Animé par le journaliste Jérôme Colombain, ce rendez-vous incontournable de l'innovation a réuni durant plus de sept heures de nombreux acteurs économiques autour du thème « Transitions numérique et écologique, faut-il choisir ? ». Ils ont ainsi pu échanger en direct sur les différents enjeux autour de la transformation digitale et notamment celui de la réduction de son impact écologique, et sur de nombreux sujets d'actualité comme la 5G, l'intelligence artificielle ou les objets connectés.

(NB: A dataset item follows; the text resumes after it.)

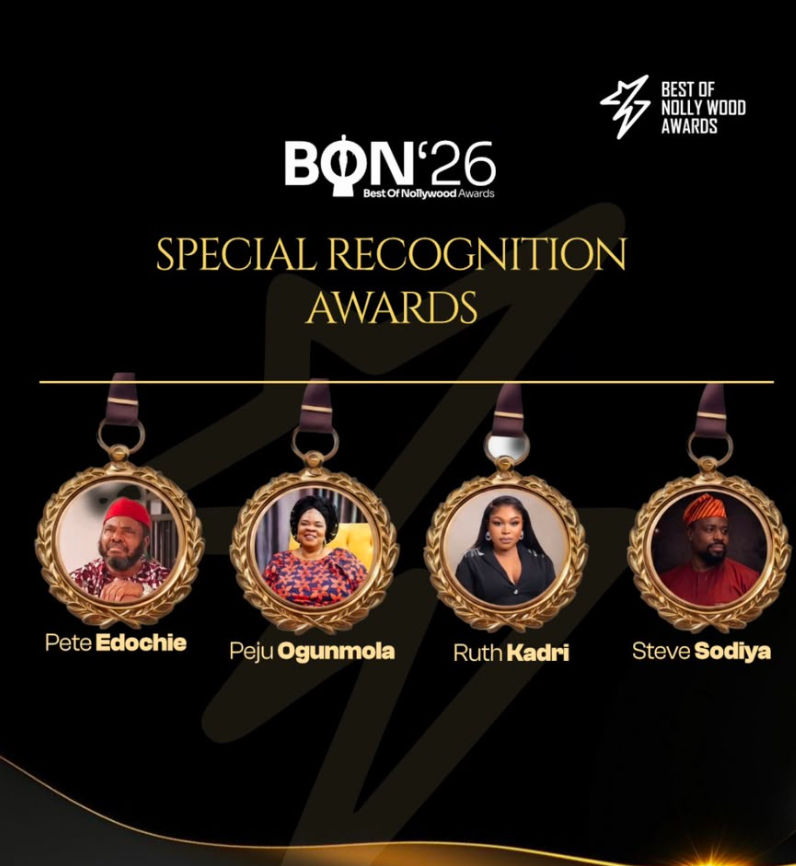 Pete Edochie, Peju Ogunmola, Steve Sodiya, Ruth Kadiri To Receive Top Honours At 2026 BON Awards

Un discours d'ouverture prônant un numérique responsable
L'édition 2020 a été lancée par l'intervention de Geoffroy Roux de Bézieux, président du Mouvement des entreprises de France (MEDEF), co-organisateur de cet évènement, qui soutient et encourage la digitalisation des entreprises, qui n'est pas encore totale, et promeut une numérisation responsable. Une numérisation qui est d'autant plus cruciale aux TPE et PME pour traverser la crise sanitaire et économique actuelle et participer à la « nécessaire transition numérique du pays ». Pour le président du MEDEF, la technologie peut donc permettre de résoudre des problèmes de société, dont ceux liés à l'écologie et la 5G n'est pas incompatible avec le concept de sobriété numérique. Il estime que le progrès scientifique et technologique est porteur de solutions et peut contribuer à l'épanouissement des individus. Si la croissance de la numérisation de l'économie a indéniablement des effets sur la planète, l'ensemble de ses effets sur l'environnement et les évitements de CO2 doivent être pris en compte. Qu'il s'agisse du télétravail ou des réunions à distance, des moyens technologiques existent pour agir ensemble pour une croissance économique responsable.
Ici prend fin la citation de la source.